AI trust is weakening identity controls and social engineering

At a glance

What this is: This is an analysis of how AI is amplifying social engineering, shadow AI, and identity risk in enterprise environments.

Why it matters: It matters because IAM and NHI controls have to verify both human and machine identities when AI output, access, and decision-making are increasingly trusted by default.

👉 Read CyberArk's analysis of AI trust, social engineering, and shadow AI

Context

AI use is changing the trust model in security operations and day-to-day work. The primary risk is not just faster content generation, but a quieter loss of critical checking that lets convincing output, credential misuse, and unsanctioned tools blend into normal workflows. For IAM and NHI governance, that means identity assurance has to keep pace with how people and systems actually make decisions.

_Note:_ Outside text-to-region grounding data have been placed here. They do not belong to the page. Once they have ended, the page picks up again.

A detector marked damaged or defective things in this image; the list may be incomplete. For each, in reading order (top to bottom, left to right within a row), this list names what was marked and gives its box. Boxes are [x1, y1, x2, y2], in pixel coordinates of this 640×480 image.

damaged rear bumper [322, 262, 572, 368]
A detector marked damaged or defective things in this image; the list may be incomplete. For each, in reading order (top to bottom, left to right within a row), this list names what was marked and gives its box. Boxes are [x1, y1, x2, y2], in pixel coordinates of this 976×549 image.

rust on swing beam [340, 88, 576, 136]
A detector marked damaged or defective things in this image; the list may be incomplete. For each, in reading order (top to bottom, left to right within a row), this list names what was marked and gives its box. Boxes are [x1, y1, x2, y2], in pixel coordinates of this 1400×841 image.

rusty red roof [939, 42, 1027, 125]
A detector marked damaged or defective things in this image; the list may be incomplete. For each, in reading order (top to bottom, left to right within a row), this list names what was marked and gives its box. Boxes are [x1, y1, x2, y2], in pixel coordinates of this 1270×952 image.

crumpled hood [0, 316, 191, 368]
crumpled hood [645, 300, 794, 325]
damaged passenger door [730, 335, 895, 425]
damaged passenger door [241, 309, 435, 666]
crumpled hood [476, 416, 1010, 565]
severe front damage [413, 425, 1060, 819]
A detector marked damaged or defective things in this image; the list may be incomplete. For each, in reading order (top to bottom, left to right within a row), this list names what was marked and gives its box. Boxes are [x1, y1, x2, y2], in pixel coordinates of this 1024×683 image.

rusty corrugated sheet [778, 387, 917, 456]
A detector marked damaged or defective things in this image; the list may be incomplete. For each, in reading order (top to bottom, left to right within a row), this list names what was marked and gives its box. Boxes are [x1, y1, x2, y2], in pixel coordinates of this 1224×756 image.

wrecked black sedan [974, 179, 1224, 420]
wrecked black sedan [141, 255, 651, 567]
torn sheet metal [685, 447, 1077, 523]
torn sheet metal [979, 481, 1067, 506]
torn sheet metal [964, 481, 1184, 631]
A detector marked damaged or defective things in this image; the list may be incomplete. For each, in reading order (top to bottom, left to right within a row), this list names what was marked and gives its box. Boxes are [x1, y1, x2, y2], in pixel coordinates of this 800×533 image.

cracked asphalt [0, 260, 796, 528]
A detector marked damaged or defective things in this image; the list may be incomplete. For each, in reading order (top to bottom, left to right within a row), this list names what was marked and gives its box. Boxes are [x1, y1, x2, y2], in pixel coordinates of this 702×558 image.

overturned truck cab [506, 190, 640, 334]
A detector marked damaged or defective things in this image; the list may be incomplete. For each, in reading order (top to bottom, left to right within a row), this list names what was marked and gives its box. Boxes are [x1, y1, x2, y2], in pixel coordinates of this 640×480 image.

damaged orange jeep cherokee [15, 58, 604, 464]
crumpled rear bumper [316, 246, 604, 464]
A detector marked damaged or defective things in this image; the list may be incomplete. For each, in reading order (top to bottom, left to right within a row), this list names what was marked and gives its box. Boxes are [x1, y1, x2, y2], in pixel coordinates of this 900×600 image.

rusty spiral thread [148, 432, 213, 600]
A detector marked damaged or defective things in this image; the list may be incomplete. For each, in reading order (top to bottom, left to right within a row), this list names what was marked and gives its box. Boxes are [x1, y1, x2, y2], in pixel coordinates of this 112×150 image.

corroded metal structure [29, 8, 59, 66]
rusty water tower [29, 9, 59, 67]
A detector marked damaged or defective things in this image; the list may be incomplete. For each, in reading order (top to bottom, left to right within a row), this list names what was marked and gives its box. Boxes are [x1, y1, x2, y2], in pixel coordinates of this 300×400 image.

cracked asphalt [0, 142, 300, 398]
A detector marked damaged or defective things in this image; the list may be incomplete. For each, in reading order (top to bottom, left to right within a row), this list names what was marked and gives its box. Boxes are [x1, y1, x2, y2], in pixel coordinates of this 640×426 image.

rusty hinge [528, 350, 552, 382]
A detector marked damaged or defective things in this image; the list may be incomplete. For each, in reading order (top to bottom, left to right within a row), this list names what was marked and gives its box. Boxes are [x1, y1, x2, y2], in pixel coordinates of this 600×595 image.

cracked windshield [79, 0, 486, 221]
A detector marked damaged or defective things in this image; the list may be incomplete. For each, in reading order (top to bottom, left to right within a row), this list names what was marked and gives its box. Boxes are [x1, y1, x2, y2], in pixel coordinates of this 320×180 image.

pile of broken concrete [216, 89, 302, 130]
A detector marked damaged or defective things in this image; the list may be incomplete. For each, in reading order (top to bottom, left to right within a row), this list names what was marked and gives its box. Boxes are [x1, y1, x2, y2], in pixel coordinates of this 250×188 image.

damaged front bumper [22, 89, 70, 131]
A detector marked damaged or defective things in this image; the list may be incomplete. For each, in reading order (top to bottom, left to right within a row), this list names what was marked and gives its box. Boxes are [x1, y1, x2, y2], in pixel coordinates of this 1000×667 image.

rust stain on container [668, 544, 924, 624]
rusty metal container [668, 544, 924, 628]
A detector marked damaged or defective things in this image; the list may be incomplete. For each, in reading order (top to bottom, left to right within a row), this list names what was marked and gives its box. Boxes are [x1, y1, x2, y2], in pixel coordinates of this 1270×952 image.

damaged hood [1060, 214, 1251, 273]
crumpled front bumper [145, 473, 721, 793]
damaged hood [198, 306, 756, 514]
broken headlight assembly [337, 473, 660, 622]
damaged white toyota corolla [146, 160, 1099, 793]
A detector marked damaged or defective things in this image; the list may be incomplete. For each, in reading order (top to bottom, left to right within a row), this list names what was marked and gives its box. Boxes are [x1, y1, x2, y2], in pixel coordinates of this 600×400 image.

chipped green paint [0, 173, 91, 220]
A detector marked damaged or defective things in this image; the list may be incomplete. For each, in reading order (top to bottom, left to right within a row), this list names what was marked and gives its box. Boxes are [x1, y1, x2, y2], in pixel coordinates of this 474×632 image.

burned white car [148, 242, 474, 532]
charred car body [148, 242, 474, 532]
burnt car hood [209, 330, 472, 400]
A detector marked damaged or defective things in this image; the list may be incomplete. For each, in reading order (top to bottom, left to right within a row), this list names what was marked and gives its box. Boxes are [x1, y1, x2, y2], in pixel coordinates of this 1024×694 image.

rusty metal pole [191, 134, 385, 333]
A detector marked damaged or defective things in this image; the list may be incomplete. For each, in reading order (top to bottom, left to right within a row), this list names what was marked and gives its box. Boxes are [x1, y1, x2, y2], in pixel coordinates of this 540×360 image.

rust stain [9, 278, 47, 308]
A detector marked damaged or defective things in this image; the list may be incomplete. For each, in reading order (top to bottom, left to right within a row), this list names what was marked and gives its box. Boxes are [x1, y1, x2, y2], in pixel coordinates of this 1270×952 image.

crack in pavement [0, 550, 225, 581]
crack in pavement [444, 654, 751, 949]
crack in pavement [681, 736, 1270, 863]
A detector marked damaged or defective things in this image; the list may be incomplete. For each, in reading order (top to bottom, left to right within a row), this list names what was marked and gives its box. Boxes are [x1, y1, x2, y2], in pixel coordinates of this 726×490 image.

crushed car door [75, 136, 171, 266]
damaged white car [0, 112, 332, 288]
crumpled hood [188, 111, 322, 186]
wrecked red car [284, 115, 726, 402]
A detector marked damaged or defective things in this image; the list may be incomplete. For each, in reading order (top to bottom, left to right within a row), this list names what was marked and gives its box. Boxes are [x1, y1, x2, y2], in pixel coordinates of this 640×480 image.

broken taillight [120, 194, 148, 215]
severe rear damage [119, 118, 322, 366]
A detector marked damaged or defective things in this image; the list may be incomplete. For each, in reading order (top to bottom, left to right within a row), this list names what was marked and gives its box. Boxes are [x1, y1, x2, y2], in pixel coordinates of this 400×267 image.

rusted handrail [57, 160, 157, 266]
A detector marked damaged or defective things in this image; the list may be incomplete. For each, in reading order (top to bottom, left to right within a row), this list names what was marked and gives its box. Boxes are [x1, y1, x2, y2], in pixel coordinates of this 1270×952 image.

Shadow AI is the clearest governance gap in this article. When employees route sensitive data into unapproved models or accept AI output without verification, the organisation loses control over both secrets and the identity context attached to that data. That starting position is now typical, not exceptional, in enterprises trying to adopt AI faster than their controls mature.

Key questions

Q: How should organisations govern shadow AI without blocking legitimate use?

A: Start with approved-use policy, tool inventory, and data classification. Then require that any AI system handling internal information has named owners, logged access, and defined credential paths. The goal is not prohibition, but visibility and control. If a tool cannot be inventoried or monitored, it should not process sensitive data.

Q: Why does AI make social engineering harder to spot?

A: AI lets attackers tailor messages with context, tone, and timing that resemble normal internal communication. That reduces the usefulness of generic phishing cues. Security teams should assume that convincing language is no longer evidence of legitimacy and pair user awareness with identity-based verification for risky requests.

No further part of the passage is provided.